Chaos erupted. Sozai ducked as a silver blade meant for his throat—wielded by a Yurei with dead eyes—whistled past his ear. He spun to retaliate, only for the copy to dissolve and be replaced by the real Yurei, barely blocking a blow from a fake Sozai.
"Sozai, it's me!" Yurei hissed, his real eyes wide with alarm.
Sozai pulled his strike at the last millisecond, their auras flaring. For a heartbeat, they just stared, imprinting the truth of each other's gaze—the living spark, the shared history—as a shield against the deception.
The fight was a psychological torture. They knew each other's strengths, weaknesses, and fighting styles intimately, making the fakes devastatingly effective.
The fake Sozai lunged for Yurei with predatory grace, while the fake Yurei moved against Sozai with agile ferocity. In a moment of perfect, unspoken synergy, the real Sozai and Yurei dodged not away, but past their own attackers. They grabbed the backs of the copies' heads and slammed them together with a sound like shattering glass. The duplicates exploded into dissipating fog.
Língxi had the hardest time. He faced not only a cold, efficient copy of Kage Ou but also aggressive doubles of Xio and Lànhuā. He moved with defensive precision, but his breaths grew labored, a hand pressed to the chronic ache in his chest.
"Líng, don't move too much!" Kage Ou's real voice shouted, thick with a concern that overrode the battle. He was terrified the fragile equilibrium of Língxi's health would shatter completely.
Língxi coughed, a light but painful sound, as the real Kage Ou and Lànhuā cut their way to his side, forming a protective triangle.
Then, as suddenly as the reflections had appeared, they were gone. The group stumbled into a final, open space that felt like a dark, starless forest clearing. And here, the rules changed again. A surge of power, clean and potent, rushed back into them. Their spiritual energies flared to life, not as weak flickers, but as roaring flames.
"Now!" Língxiāo commanded.
As one, they turned on the pursuing, crushing wall. Five beams of light—silver, green, gold, icy blue, and profound black—lanced from their hands, intertwining into a single, brilliant spear of collective will. It struck the advancing stone with a sound that was both a crash and a chime.

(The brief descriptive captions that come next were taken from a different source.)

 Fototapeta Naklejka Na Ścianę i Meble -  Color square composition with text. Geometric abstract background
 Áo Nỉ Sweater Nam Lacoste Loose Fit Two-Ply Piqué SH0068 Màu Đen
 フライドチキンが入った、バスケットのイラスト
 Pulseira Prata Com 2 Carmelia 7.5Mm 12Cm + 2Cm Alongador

The wall didn't just stop. It shattered, collapsing into harmless pixels of fading dark light.
"We made it…" Xio whispered, the words a sigh of utter exhaustion as his knees gave out. Língxi sank down beside him, pale but relieved, as Kage Ou immediately placed a steadying, healing hand on his back.

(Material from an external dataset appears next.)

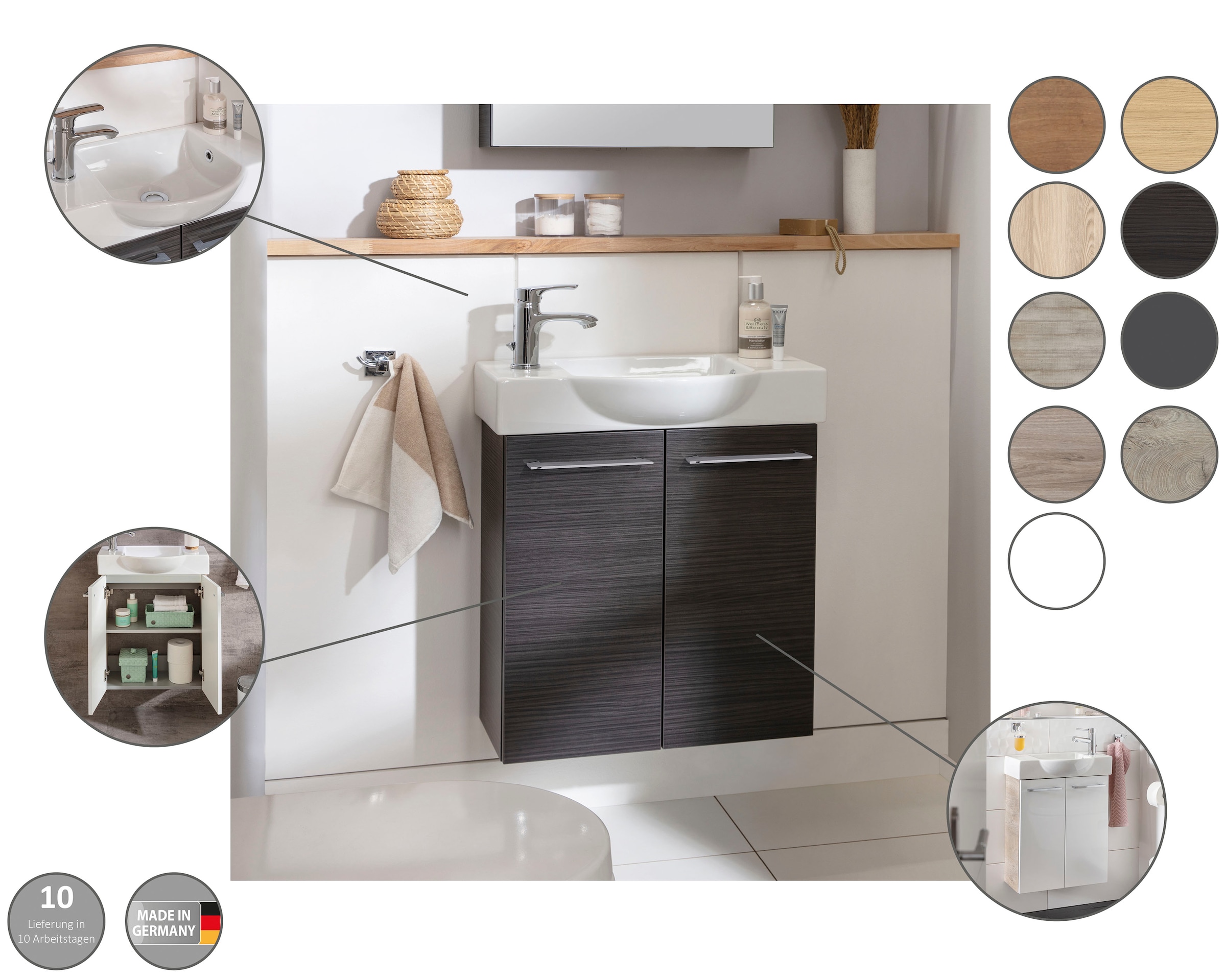 FACKELMANN Waschbeckenunterschrank »SBC« Badmöbel für Gäste-WC, Breite ca. 55 cm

But the victory was hollow. The game was not over.
Before them lay the heart of the maze, and it was a vision of silent, digital anguish. Glitching, fractured screens hung in the air like malevolent ghosts. On them, broken words looped in a relentless, whispering assault:
"no one will read your words"
"nobody cares"
"this story has no future"
"focus on study instead"
"why are you so bad at study while we were good?"

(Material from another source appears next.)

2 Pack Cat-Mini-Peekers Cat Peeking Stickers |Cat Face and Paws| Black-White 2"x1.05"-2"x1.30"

In the center of this psychic storm, standing in a small circle of faint, protective light, was Kirihito. He looked beaten, his clothes torn, breathing in ragged, panicked gasps as he stared at the haunting screens.
And just beyond the circle, holding back a cascading wave of corrosive darkness with nothing but the strained chords of his guqin and sheer force of will, was Wùji.
They had found it. Not an exit, but the epicenter. The wounded, vulnerable base of their universe—their creator's heart, under siege by its own deepest fears.